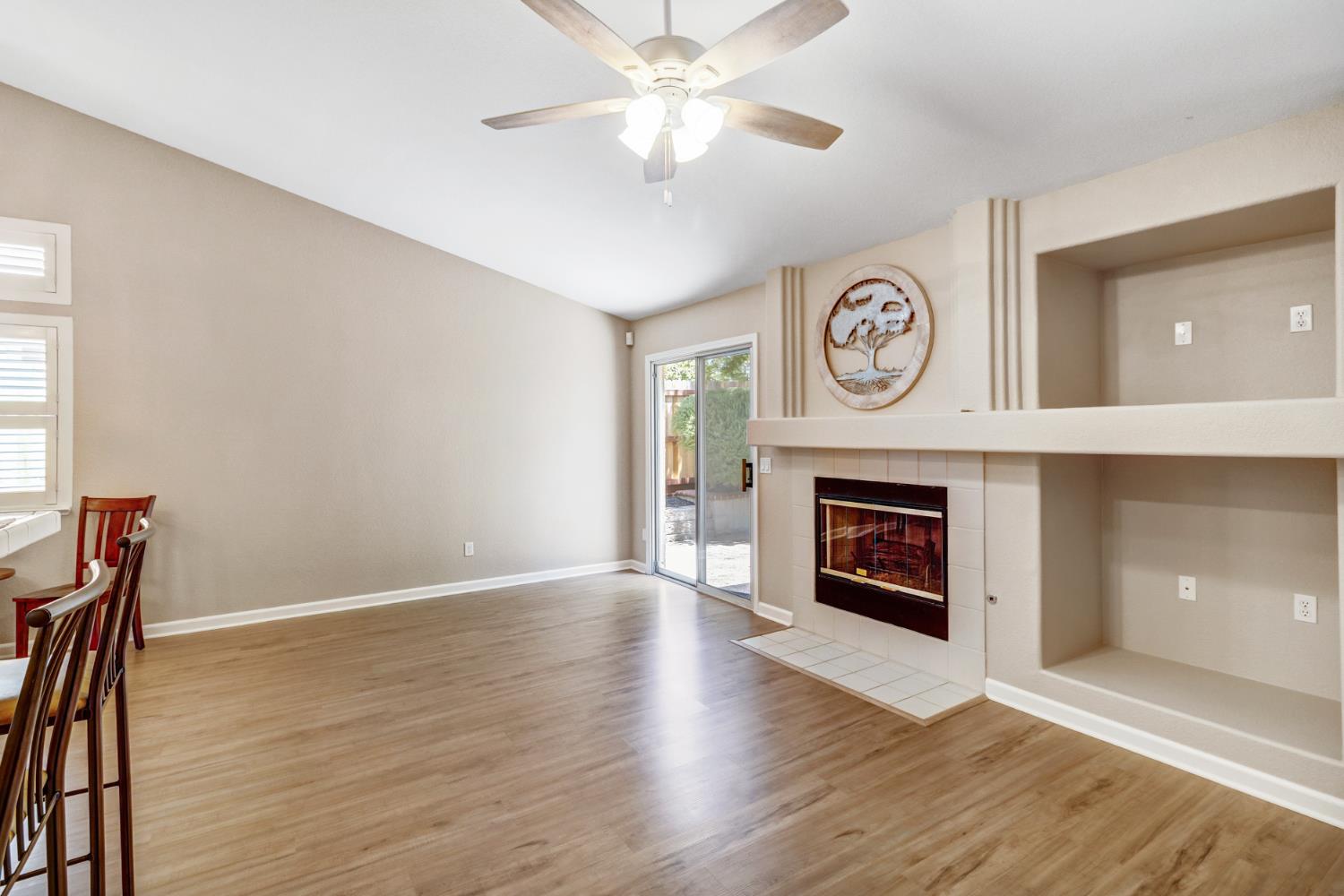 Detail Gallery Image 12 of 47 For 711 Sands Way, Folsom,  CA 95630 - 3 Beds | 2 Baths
==
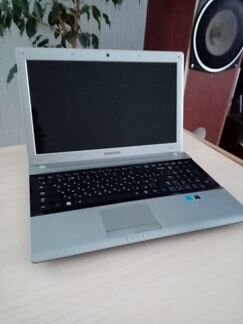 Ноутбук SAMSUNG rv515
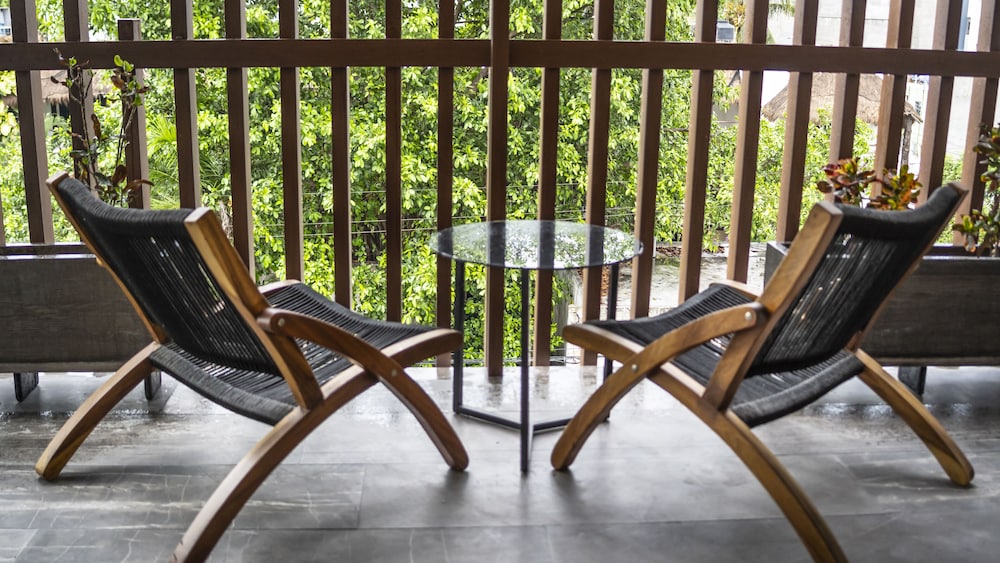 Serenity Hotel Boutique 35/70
* * *
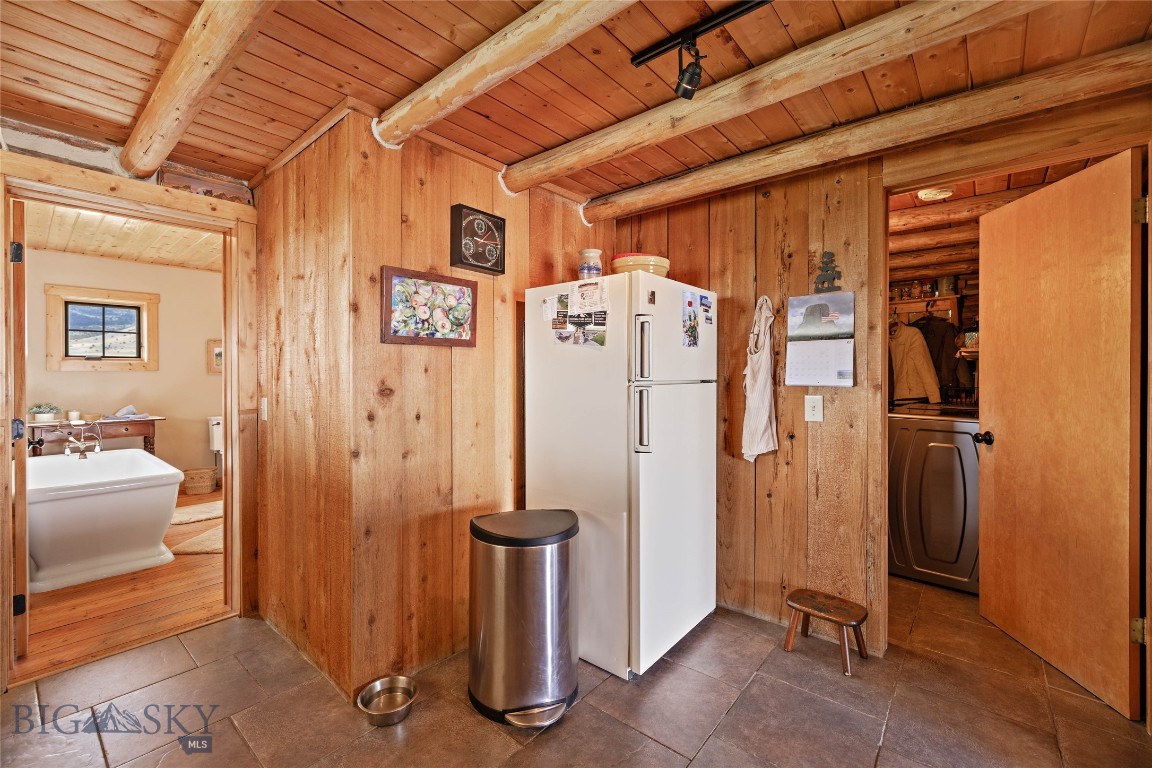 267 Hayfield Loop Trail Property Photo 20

Work required: In the records above, find the line with "Ноутбук SAMSUNG rv515". Print exactly from there through the line with "Serenity Hotel Boutique 35/70", minus the pictures.

Finished exercise:
 Ноутбук SAMSUNG rv515
 Serenity Hotel Boutique 35/70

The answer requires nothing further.